Kubernetes Lesson 14 – Kubernetes YAML Basics | Dataplexa
Kubernetes Fundamentals · Lesson 14

Kubernetes YAML Basics

Every Kubernetes object you'll ever create starts with a YAML file — it's the universal language of the cluster, and once you understand its structure, everything else clicks into place.

Why Kubernetes Uses YAML

Before we write a single manifest, let's talk about why Kubernetes settled on YAML. You could have a dashboard, a GUI, a drag-and-drop interface — and Kubernetes does have dashboards. But YAML won out because it has something those tools don't: it's a file. You can commit it to Git. You can code-review it. You can diff it, roll it back, replicate it across environments, and version it like any other piece of software.

This is the idea behind Infrastructure as Code — your infrastructure isn't a set of manual steps someone performed last Tuesday. It's a file in a repo that anyone on the team can read, run, and reproduce. YAML is just the format Kubernetes chose to express that idea.

🌱 The Git commit is the source of truth. A healthy Kubernetes team doesn't SSH into clusters and run manual commands in production. They update YAML files, open a pull request, get a review, and merge. The cluster reflects the repo. If the cluster ever drifts from the repo, the repo wins.

YAML: The Basics You Actually Need

You don't need to be a YAML expert — you need to understand about five concepts and you're set. Let's go through each one fast.

1. Key-value pairs. YAML is mostly key: value. Simple as that. The key and value are separated by a colon and a space.

2. Indentation = structure. YAML uses spaces (never tabs) to show nesting. Two spaces in means "this is a child of the item above." Get this wrong and Kubernetes will throw a parse error before it even looks at your manifest.

3. Lists start with a dash. A - means "this is an item in a list." You'll see this constantly for containers, ports, volumes, and environment variables.

4. Strings don't need quotes (usually). name: payment-service is fine unquoted. But if your string contains a colon, special characters, or starts with a number, wrap it in quotes.

5. Comments start with #. Kubernetes ignores them completely. Use them liberally — your future self at 2am will thank you.

The Four Fields Every Kubernetes Manifest Has

No matter what Kubernetes object you're creating — a Pod, a Deployment, a Service, a ConfigMap — the manifest always starts with the same four top-level fields. Every single one. Learn these four and you'll be able to read any manifest you encounter.

Field What it means Example
apiVersion Which Kubernetes API group and version handles this object apps/v1, v1, networking.k8s.io/v1
kind The type of Kubernetes object you're creating Pod, Deployment, Service, ConfigMap
metadata Data that identifies the object: name, namespace, labels name: payment-service, labels: ...
spec The desired state — what you actually want this object to do or be containers, replicas, ports, volumes...

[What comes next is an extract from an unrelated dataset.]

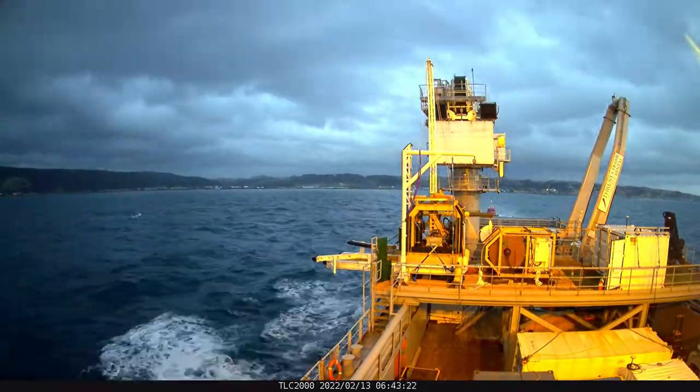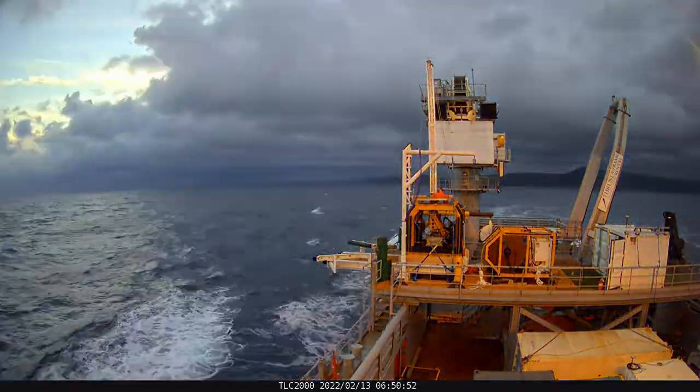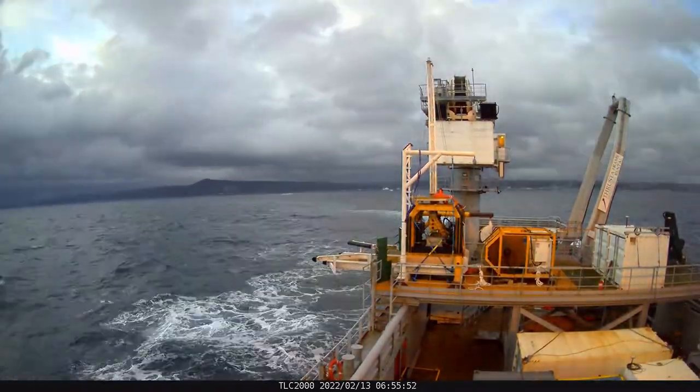The route that we're working on goes from Haybridge, just east of Burnie, up to Waratah Bay, which is just west of Wilson Promontory.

The Anatomy of a Kubernetes Manifest

Let's look at the most fundamental object in Kubernetes — a Pod — and break down every line of its manifest together.

The scenario: You're a junior DevOps engineer who just joined an e-commerce company. Your tech lead asks you to write your first Pod manifest for a new product catalog service. You need to run a single container, expose port 8080, and label it so the team can find it later. This is that manifest — and we're going to read every line together.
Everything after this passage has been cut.